On 7/8/21 10:06 AM, Justin Poirier wrote:
It appears that Club100 on bitchin100 only have a handful of ROM images. Where 
do I go to find SuperROM, Disk+ and those others? They have generic enough 
names that Google has been of very little help.

I have been working on an inexpensive carrier solution (for myself, mostly) 
that will hold (8) ROM images that are selected with a group of DIP switches on 
the carrier itself. Nothing fancy, but if I like the results, I could probably 
crank them out, burned and ready, in the $20-$25 range. Not committing to 
anything at all, since I’m still in prototyping, but with (8) ROM slots, I’m 
not sure what to put in them. So far, I made one that has TS-DOS, Ultimate, 
Cleusseau and TS-Random. And since I have twice as much space as all that, it 
includes those titles in both the M100/102 versions as well as the M200 
version. That seems wasteful. Maybe I’m wrong!

How are you connecting up to burn them? Through the edge connectors with a reverse pinout adapter? DIP-28 test clip on the outside edges with the wires arranged into a reverse pinout adapter?
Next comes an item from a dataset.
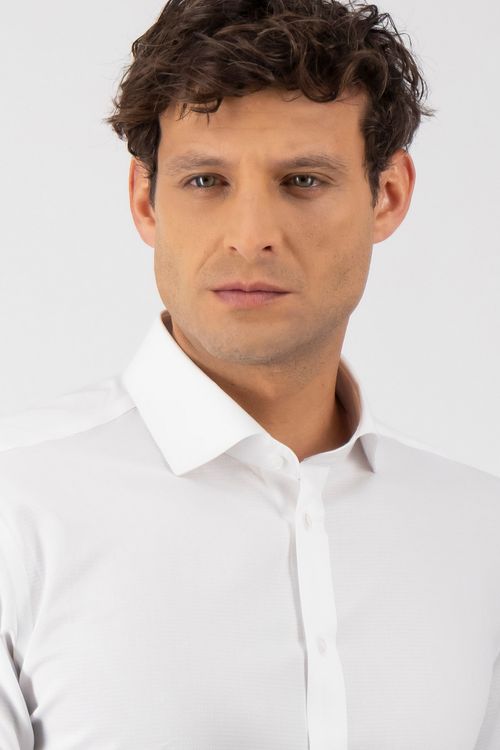 Camisa Non Iron Contemporary Fit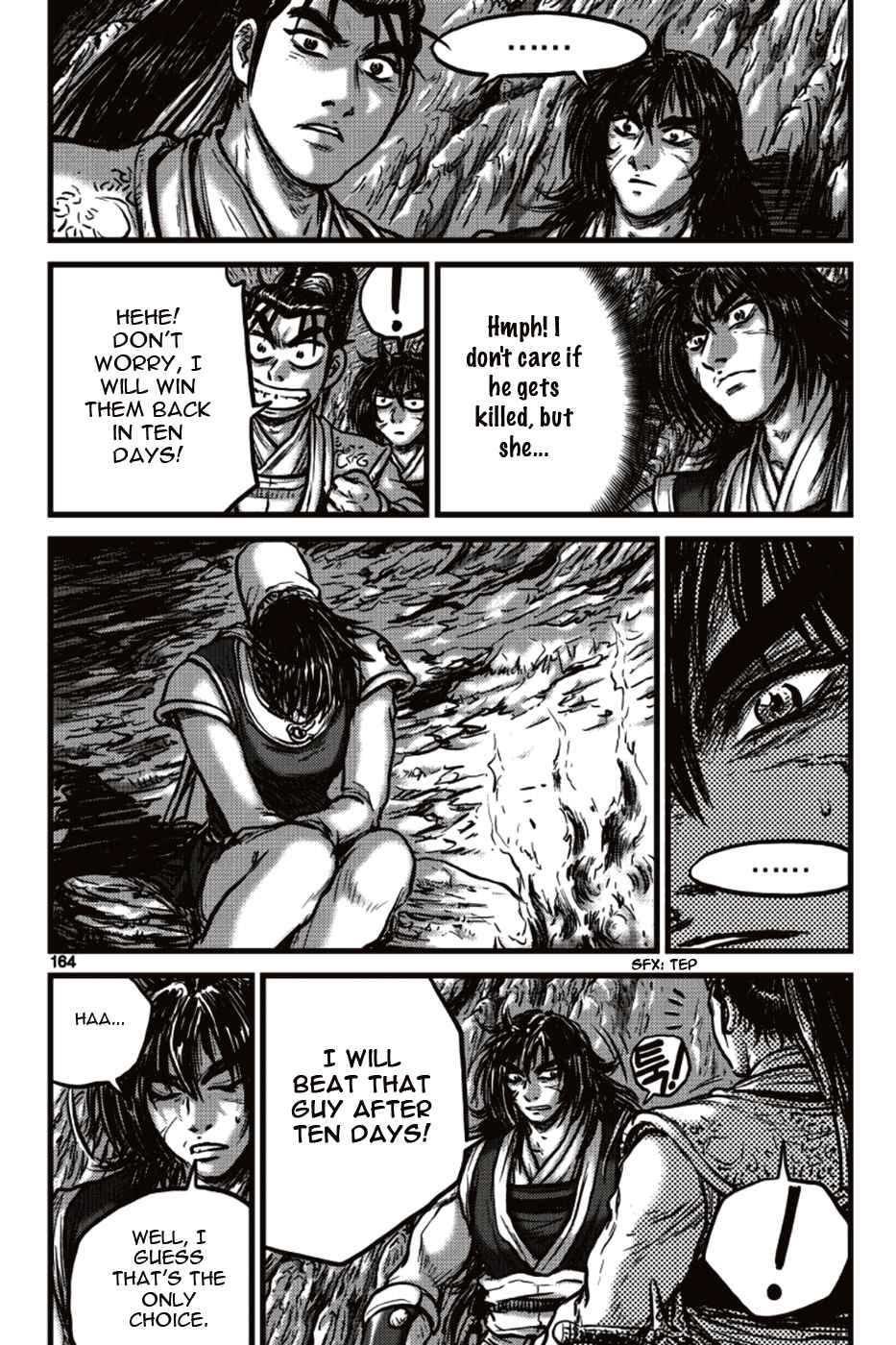 Chapter 392 - Page 12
Or are you just burning before soldering and no re-writing after that?

I made this single-rom carrier that, since it's an SOIC package, and I have a resistor rather than a trace for /WE, is easy to just connect normally with a soic test clip to program.
http://tandy.wiki/Teeprom


But that 28C256 is now OVER $10 just for a single 32k, and I'd like to try to ditch the requirement for the test clip if possible, and definitely don't want to require an actual Molex socket. (I have molex sockets, but I'm trying to make a design anyone can use, not just something for myself) So I tried this
https://github.com/bkw777/Teeprom/blob/master/Teeprom2.md

4 or 8 roms (that's just a 4-rom version but 8 would be a straightforward progression from there) and no special parts needed, and it's even both cheaper and more convenient than the soic-28 test clip, and the flash part is both more readily available (multiple manufacturers still) and just over $1 instead of over $10.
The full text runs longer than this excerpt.